Monday, 3 January 2011

Review : A Girl In Every Port (1928)


Currently playing in a comprehensive retrospective of the director’s work at the BFI Southbank, A Girl In Every Port (1928) is Howard Hawks’ sixth feature and penultimate silent film. Mostly notable for bringing cult screen icon-to-be Louise Brooks to the attention of director G.W. Pabst for his upcoming Pandora’s Box (1929) and making a star of putty-faced, Tunbridge Wells born ex-boxer Victor McLaglen (who was to win Best Actor seven years later for his turn in John Ford’s The Informer), it’s perhaps a little too broadly drawn in its opening reels, opting for heavy-handed slapstick from the Keystone school (static camera, lots of running around and arse kicking) over the more technically nuanced farcical elements he’d later master in pictures such as Bringing Up Baby (1938) and His Girl Friday (1940).
The love-triangle story is simple enough and can perhaps be viewed as the first of Hawks’ films to embrace the themes he’d continue to play upon throughout his career, romantic rivalry and camaraderie, sexual politics and the subversion of notions of masculinity and femininity. The men here are emotionally immature, wearing their hearts on their sleeves as they try their luck with anything in a skirt and start fights with whoever happens to be in reach. Bonding is by way of punch-ups and seduction the promise of a house, two cows and twelve chickens, their failure to grow-up denying the traditional romantic narrative denouement by way of a ‘who needs chicks?’ resolution.
The cast are pretty great, McLaglen overplaying every emotional beat simply serves to make him all the more endearing and Robert Armstrong as his love rival/new BFF has some great moments, particularly a scene in which he tries to tell his pal about his new girl’s shady Coney Island past whilst swatting her roaming hands away. Louise Brooks, introduced in the film’s one visual flourish as she dives from a circus high-dive board, soaking the infatuated McLaglen below, fares slightly less well as the gold-digging femme fatale. She looks incredible, the iconic bob and bangs already in place and dressed mostly in a sheer bathing costume, her eyes sparkle with a knowing playfulness and intelligence whenever she’s on screen, but it’s a pretty thankless role, entirely subservient to the more bumbling physical and emotional pratfalls of its male leads.
In fact, none of the women in the film are sketched as anything more than the most basic caricature. The women McLaglen meets in the first half are all variations on the same empty misogynist vessel, except that those he meets in Amsterdam wear clogs and live in windmills, only Maria Casajuana as a Latin temptress makes any impact. The film is pretty candid (this being pre-code) about quite how much sleeping around the sailors do, with a running gag about turning up at a girl’s house to find you’ve a child from the last time you were there, but the real love story here is between the two men. McLaglen and Armstrong are framed like a couple throughout, and the drama hinges on their continual falling out and making up, Armstrong needing his finger pulled by his pal to reset his hand after every punch-up representing a recurrently suggestive single entendre. Their interplay works brilliantly though, with little moments such as their sharing a laugh after climbing out of the docks and McLaglen surreptitiously dousing himself in cologne out of his friend’s eyeline working particularly well, serving already to showcase Hawks’ keenly nuanced eye for the technical business of screen comedy.
A Girl In Every Port – 1928 – USA – 72 mins – Dir : Howard Hawks

1 comment:

  1. Nice! This is a fun one. I agree that Brooks' character is a misogynist caricature, like all the women here. She's not yet the characteristic Hawksian woman of later films, who can initially come between the men the way Brooks does here, but who eventually does find a way into their masculine world. Hawks never exactly became a feminist, but he did eventually figure out a place for women in his films other than the stereotypical vamp we see here.

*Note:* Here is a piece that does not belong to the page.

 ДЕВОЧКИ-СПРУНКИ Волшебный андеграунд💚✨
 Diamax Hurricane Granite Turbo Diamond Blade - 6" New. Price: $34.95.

    Anyway, the film is pretty great otherwise. It's a lot of fun, including the slapstick brawls at the beginning and all the weird little bits of Hawksian business like the finger-pulling and the ring with the anchor on that Armstrong leaves like a brand on his conquests (and eventually on McLaglen). It's a great early Hawks and a great film in itself, regressive gender politics and all.